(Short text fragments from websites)
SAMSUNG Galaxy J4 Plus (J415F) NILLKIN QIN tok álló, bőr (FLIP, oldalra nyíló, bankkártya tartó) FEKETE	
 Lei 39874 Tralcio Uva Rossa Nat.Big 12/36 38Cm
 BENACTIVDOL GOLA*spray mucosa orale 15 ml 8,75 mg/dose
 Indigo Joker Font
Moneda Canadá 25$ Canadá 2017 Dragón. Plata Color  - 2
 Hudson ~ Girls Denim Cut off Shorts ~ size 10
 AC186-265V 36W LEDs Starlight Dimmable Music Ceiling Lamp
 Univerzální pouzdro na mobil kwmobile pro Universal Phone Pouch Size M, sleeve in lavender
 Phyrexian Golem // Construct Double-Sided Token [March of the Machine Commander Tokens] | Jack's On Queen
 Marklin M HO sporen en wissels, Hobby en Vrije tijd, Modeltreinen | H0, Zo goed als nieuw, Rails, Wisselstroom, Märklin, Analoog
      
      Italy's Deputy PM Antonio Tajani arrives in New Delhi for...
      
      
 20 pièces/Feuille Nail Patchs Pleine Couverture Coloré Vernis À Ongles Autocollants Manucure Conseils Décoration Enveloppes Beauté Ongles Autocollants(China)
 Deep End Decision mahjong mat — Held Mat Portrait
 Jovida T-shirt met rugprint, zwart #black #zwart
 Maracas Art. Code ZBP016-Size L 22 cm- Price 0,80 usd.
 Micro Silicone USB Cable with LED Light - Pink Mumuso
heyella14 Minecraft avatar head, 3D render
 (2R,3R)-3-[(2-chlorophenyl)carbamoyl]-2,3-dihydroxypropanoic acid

WHAT TO WORK ON: The expected answer is an exact copy of the lines above, beginning at the line with "Univerzální pouzdro na" and ending at the line with "Marklin M HO", with both ends in.

ANSWER FOR THE TASK:
 Univerzální pouzdro na mobil kwmobile pro Universal Phone Pouch Size M, sleeve in lavender
 Phyrexian Golem // Construct Double-Sided Token [March of the Machine Commander Tokens] | Jack's On Queen
 Marklin M HO sporen en wissels, Hobby en Vrije tijd, Modeltreinen | H0, Zo goed als nieuw, Rails, Wisselstroom, Märklin, Analoog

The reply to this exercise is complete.